▶ Task requirements: Exact reproduction, images excluded: write out the records below.

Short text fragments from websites
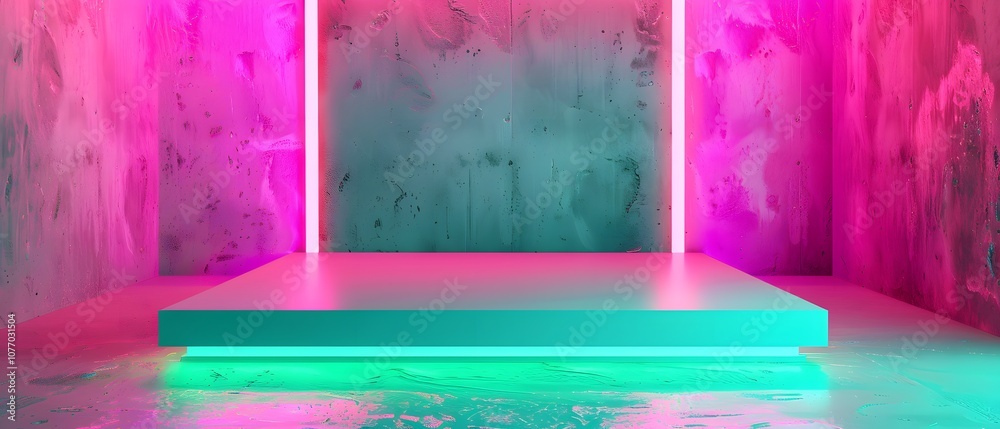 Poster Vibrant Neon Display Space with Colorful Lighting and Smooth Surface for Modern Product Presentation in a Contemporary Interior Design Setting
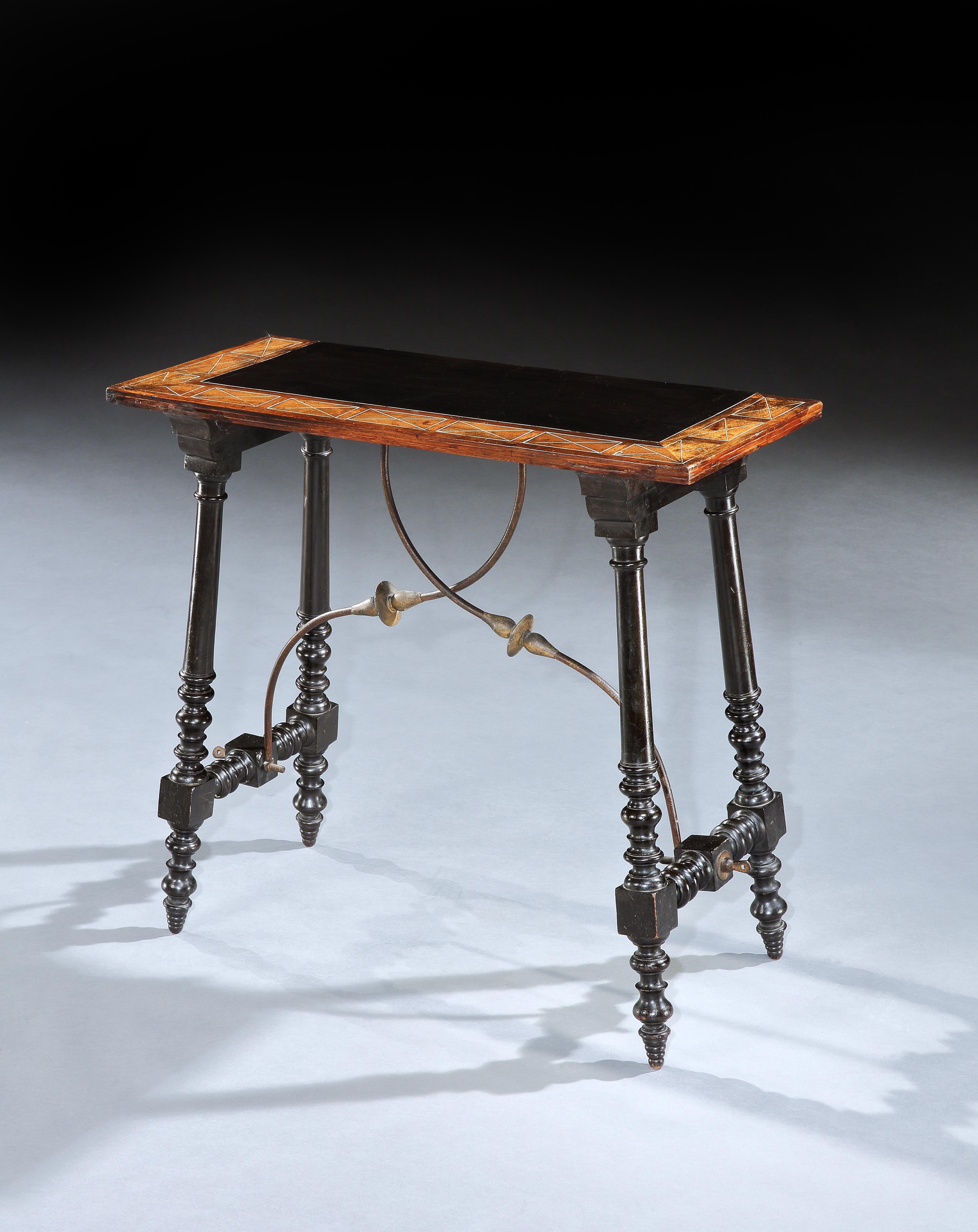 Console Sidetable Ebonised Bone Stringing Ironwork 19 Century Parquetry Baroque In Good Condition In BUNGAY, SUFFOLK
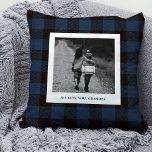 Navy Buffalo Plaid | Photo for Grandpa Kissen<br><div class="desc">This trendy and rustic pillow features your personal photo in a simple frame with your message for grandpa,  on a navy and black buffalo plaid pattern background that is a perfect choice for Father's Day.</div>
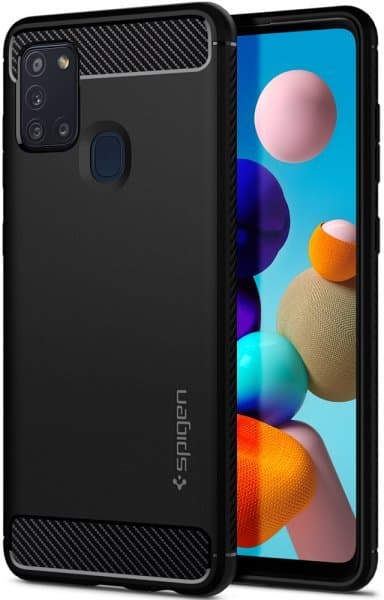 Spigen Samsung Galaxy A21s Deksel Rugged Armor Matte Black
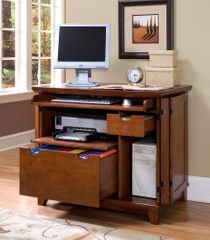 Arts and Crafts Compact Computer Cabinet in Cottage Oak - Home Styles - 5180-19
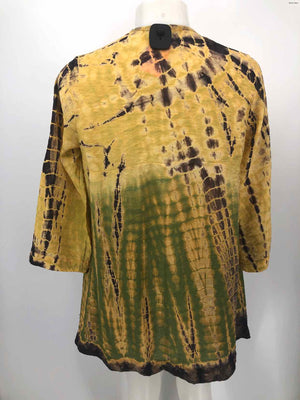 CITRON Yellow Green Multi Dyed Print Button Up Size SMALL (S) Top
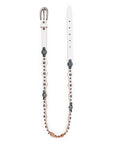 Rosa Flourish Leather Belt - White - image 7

▶ Response for this exercise:
 Poster Vibrant Neon Display Space with Colorful Lighting and Smooth Surface for Modern Product Presentation in a Contemporary Interior Design Setting
 Console Sidetable Ebonised Bone Stringing Ironwork 19 Century Parquetry Baroque In Good Condition In BUNGAY, SUFFOLK
 Navy Buffalo Plaid | Photo for Grandpa Kissen<br><div class="desc">This trendy and rustic pillow features your personal photo in a simple frame with your message for grandpa,  on a navy and black buffalo plaid pattern background that is a perfect choice for Father's Day.</div>
 Spigen Samsung Galaxy A21s Deksel Rugged Armor Matte Black
 Arts and Crafts Compact Computer Cabinet in Cottage Oak - Home Styles - 5180-19
 CITRON Yellow Green Multi Dyed Print Button Up Size SMALL (S) Top
 Rosa Flourish Leather Belt - White - image 7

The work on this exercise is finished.